Un matin de janvier, à bord d’un téléphérique à la station de Jay Peak dans le Vermont, j’ai remarqué un jeune garçon portant un casque fluo, à côté de son père. Comme moi, le petit skieur de 10 ans avait hâte de skier dans le pied de poudreuse tombé la veille. Je lui ai demandé pourquoi il aimait Jay Peak.

« C’est à cause du Jay Cloud », m’a-t-il répondu, évoquant le célèbre nuage qui enneige généreusement la montagne. « C’est ici qu’il y a la meilleure neige », a-t-il dit comme s’il s’agissait d’une évidence. Et comme si c’était arrangé avec le gars des vues, le bleu du ciel est passé au blanc et le téléphérique s’est retrouvé dans une mini-tempête de neige.

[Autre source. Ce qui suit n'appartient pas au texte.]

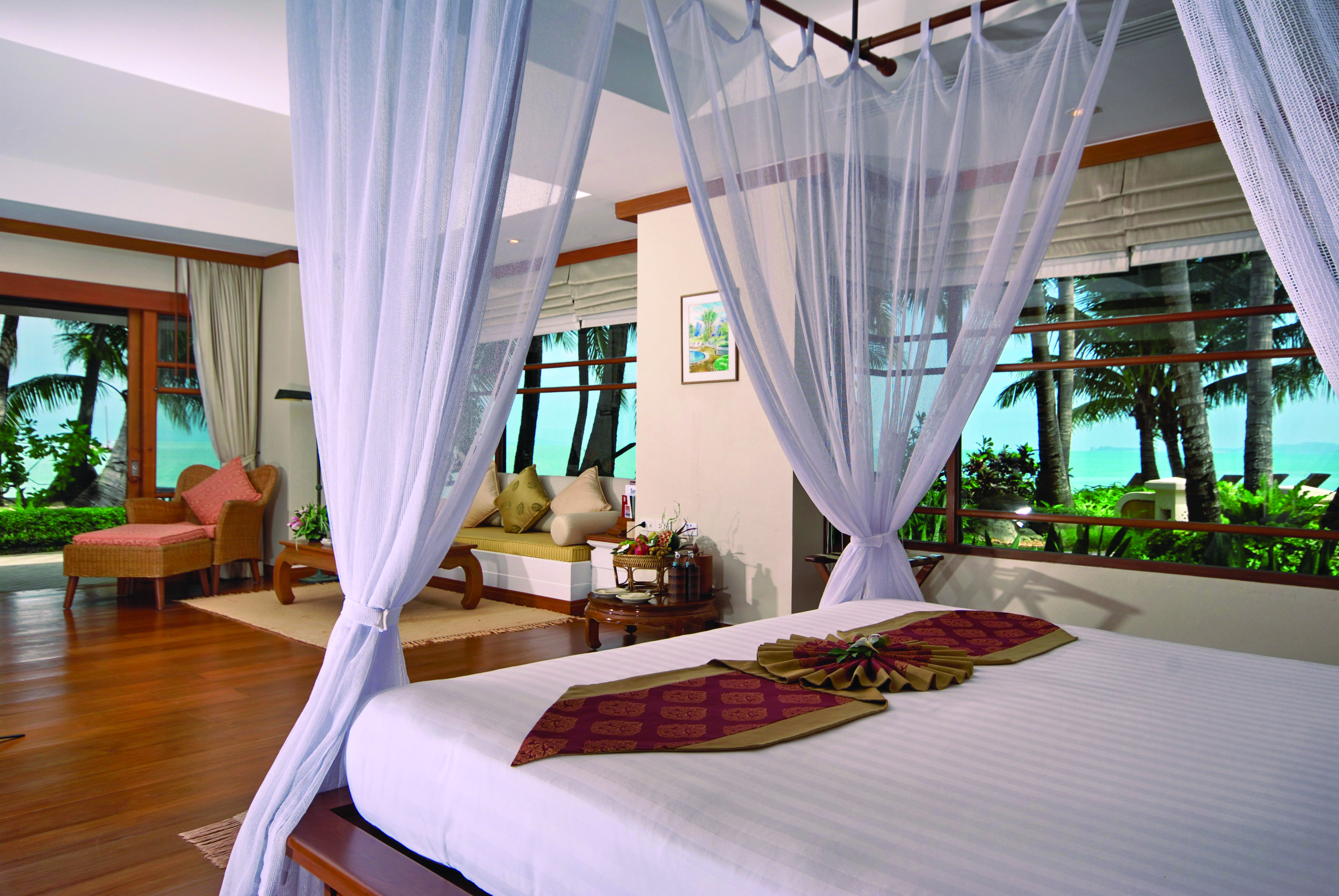 Santiburi Resort Thailand villa interior canopied bed lounge area modern décor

La réputation de Jay Peak, le domaine skiable le plus au nord du Vermont, est intimement liée au Jay Cloud. La station, située à 8 km du Québec, affirme recevoir plus de neige – presque 9 mètres, en moyenne – que toute autre station américaine à l’est des Rocheuses, et même plus que bien des stations de l’Ouest, comme Park City, dans l’Utah, et Steamboat Springs, au Colorado.

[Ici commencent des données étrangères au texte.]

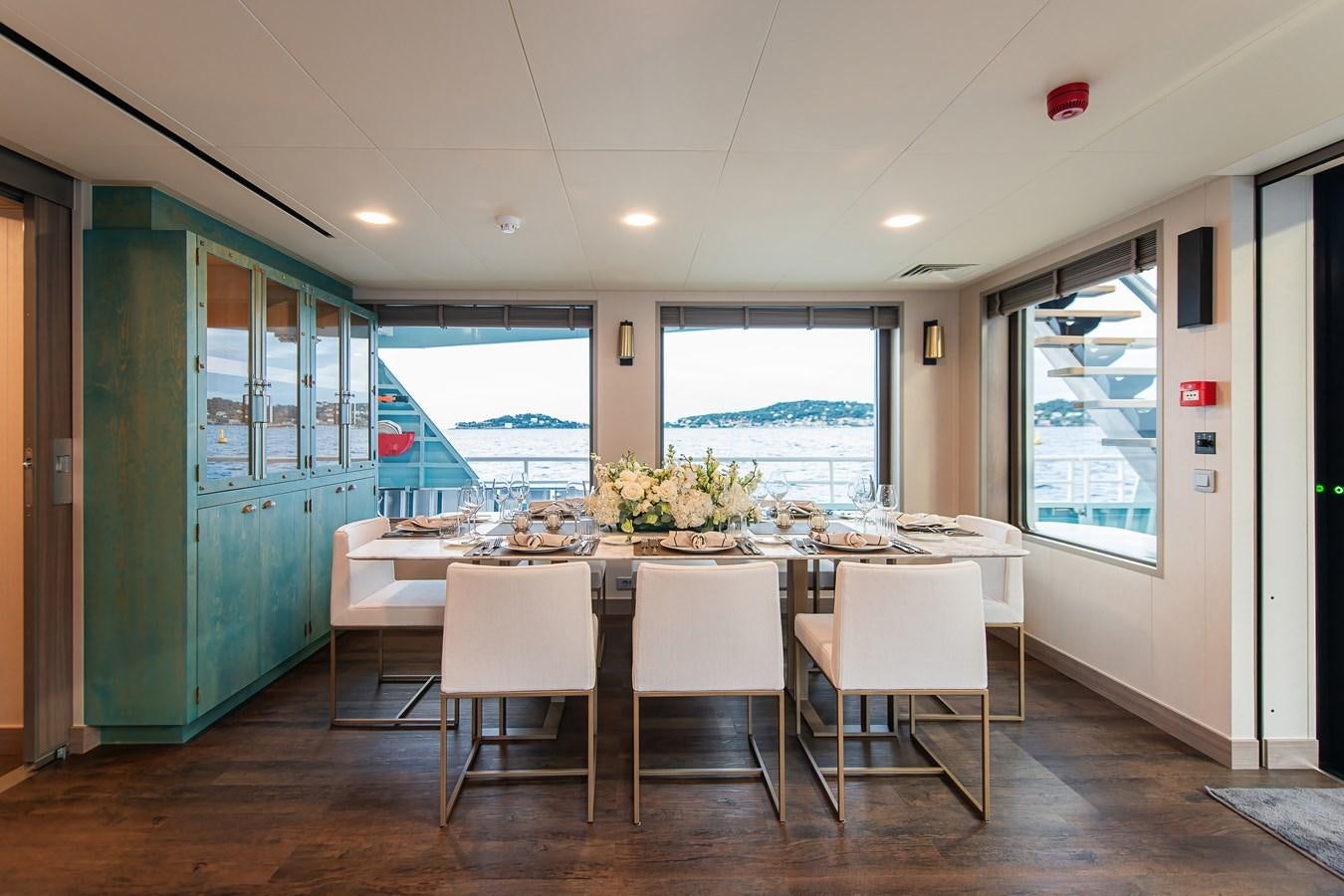 a table and chairs in a room aboard FIVE OCEANS Yacht for Sale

Mais un autre nuage a plané pendant des années sur Jay Peak : ses anciens propriétaires ont perpétré la plus grande fraude de l’histoire de l’industrie du ski et la plus grande fraude de l’histoire du Vermont.

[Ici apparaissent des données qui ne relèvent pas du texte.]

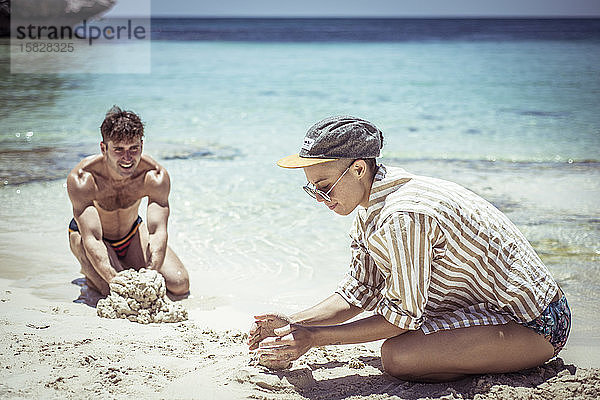 junger Mann und Frau bauen Sandburgen am unberührten blauen Strand in der Sonne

En 2016, la Securities and Exchange Commission a saisi Jay Peak Resort et accusé ses propriétaires, le président Bill Stenger et un homme d’affaires de Miami, Ariel Quiros, d’avoir escroqué 200 millions de dollars américains à des investisseurs étrangers dans une fraude à la Ponzi. M. Stenger et M. Quiros ont été condamnés à la prison. La station est restée ouverte sous séquestre fédéral, avant d’être vendue pour 76 millions de dollars américains à l’automne 2022 à Pacific Group Resorts, une société établie à Park City.

À ce moment, Jay Peak était devenue une station moderne et étincelante. Trois hôtels, une patinoire, un parc aquatique couvert de 60 000 pieds carrés, une salle d’escalade, un cinéma, plusieurs complexes de condos et de nombreux bars et restaurants ont été construits depuis 2009, en grande partie avec l’argent des investisseurs escroqués. Les bâtiments et les attractions grouillent de visiteurs.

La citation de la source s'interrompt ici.